Thank you very much for solving this riddle!
And one more question for Rudolf: please tell, are you using atomDis utility to disassemble atombios into C code? Or there are some other special tools, which probably have more recent versions? (latest version of atomDis is already 4 years old...)

On 3 June 2015 at 20:27, Rudolf Marek <r.marek@assembler.cz> wrote:
Hi all,

First byte after IBM is usually a checksum. So in fact only two bytes differ.
Now you may ask what it is... and it is a IOBASE :)

typedef struct _ATOM_ROM_HEADER
{
  ATOM_COMMON_TABLE_HEADER sHeader;
  UCHAR> uaFirmWareSignature[4];    /*Signature to distinguish between Atombios
and non-atombios,atombios should init it as "ATOM", don't change the position */
  USHORT usBiosRuntimeSegmentAddress;
  USHORT usProtectedModeInfoOffset;
  USHORT usConfigFilenameOffset;
  USHORT usCRC_BlockOffset;
  USHORT usBIOS_BootupMessageOffset;
  USHORT usInt10Offset;
  USHORT usPciBusDevInitCode;
  USHORT usIoBaseAddress; <---------------this changes

I guess IOBASE of PCI device changes also...

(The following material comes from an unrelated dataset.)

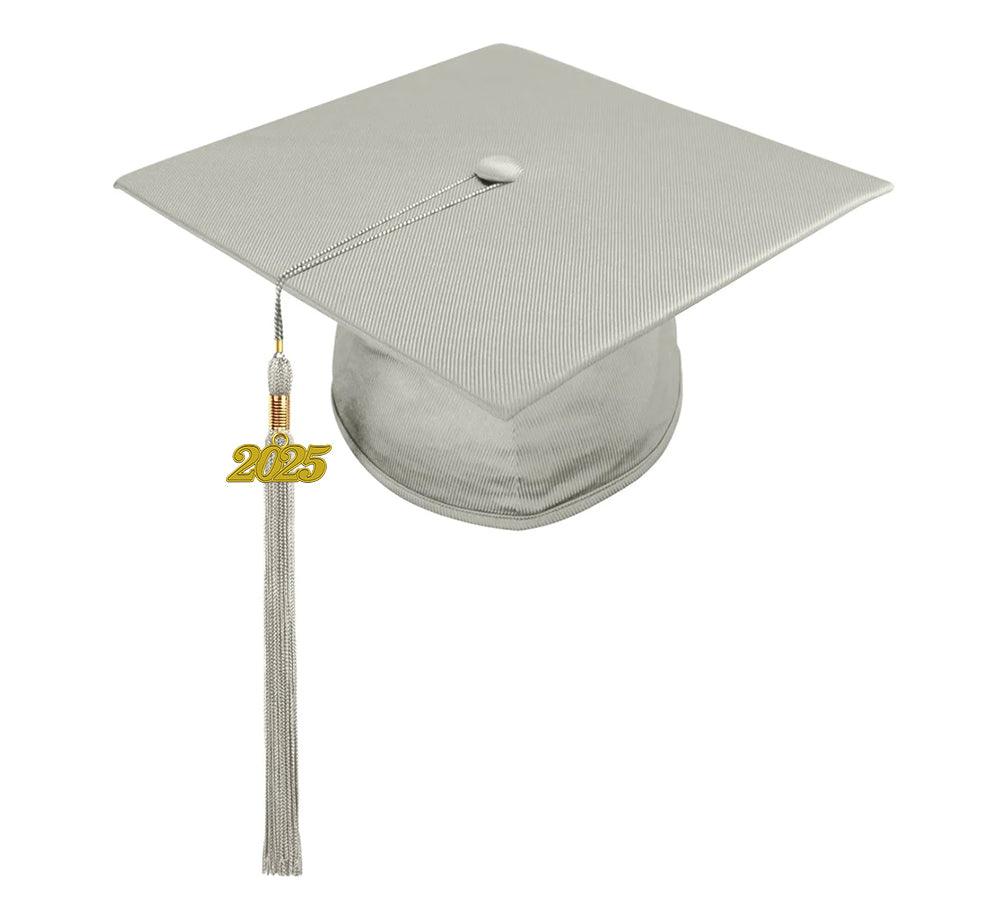 Shiny Silver Junior High/Middle School Cap & Tassel - Graduation Gown and Cap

  USHORT usSubsystemVendorID;
  USHORT usSubsystemID;
  USHORT usPCI_InfoOffset;.
  USHORT usMasterCommandTableOffset; /*Offset for SW to get all command table
offsets, Don't change the position */
  USHORT usMasterDataTableOffset;   /*Offset for SW to get all data table
offsets, Don't change the position */
  UCHAR  ucExtendedFunctionCode;
  UCHAR  ucReserved;
}ATOM_ROM_HEADER;

You can use atomDis to dump it I guess (Did not check if it dumps also the header.